> [What the exercise asks] Take every line from the data that has the word "image" in it.
☆ ☆ ☆ ☆
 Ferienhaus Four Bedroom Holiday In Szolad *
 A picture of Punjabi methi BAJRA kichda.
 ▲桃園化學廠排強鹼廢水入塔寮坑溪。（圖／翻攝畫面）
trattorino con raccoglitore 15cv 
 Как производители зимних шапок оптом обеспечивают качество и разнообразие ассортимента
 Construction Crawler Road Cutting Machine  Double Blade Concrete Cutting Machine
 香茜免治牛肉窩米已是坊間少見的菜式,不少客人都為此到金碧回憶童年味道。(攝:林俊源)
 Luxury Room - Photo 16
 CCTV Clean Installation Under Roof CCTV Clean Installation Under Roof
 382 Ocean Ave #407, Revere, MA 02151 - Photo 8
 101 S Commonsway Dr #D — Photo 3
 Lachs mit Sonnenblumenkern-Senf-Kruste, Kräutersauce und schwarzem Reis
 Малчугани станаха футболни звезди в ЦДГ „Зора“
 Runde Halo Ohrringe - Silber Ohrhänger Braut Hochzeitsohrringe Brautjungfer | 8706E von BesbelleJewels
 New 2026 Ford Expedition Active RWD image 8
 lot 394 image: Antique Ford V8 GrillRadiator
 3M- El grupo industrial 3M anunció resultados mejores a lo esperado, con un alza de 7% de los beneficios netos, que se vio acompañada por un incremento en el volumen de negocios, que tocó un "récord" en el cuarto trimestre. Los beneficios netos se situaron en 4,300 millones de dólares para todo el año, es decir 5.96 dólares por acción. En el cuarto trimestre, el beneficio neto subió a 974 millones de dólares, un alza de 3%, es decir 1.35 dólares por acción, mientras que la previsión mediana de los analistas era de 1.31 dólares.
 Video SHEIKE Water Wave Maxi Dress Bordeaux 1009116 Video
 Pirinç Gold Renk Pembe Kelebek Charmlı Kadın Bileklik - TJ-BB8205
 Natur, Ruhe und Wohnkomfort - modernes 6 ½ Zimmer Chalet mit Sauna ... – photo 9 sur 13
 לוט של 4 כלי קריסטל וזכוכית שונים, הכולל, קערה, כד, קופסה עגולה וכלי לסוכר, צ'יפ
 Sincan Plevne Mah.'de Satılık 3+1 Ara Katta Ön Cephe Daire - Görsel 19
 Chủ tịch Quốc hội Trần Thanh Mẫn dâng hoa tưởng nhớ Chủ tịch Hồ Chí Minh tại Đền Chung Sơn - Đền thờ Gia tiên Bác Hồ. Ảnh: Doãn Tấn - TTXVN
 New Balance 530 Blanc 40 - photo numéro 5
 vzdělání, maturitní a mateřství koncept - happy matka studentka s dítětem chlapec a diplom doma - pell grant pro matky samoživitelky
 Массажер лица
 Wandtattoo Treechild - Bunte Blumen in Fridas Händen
☆ ☆ ☆ ☆
> [Solved exercise]
 New 2026 Ford Expedition Active RWD image 8
 lot 394 image: Antique Ford V8 GrillRadiator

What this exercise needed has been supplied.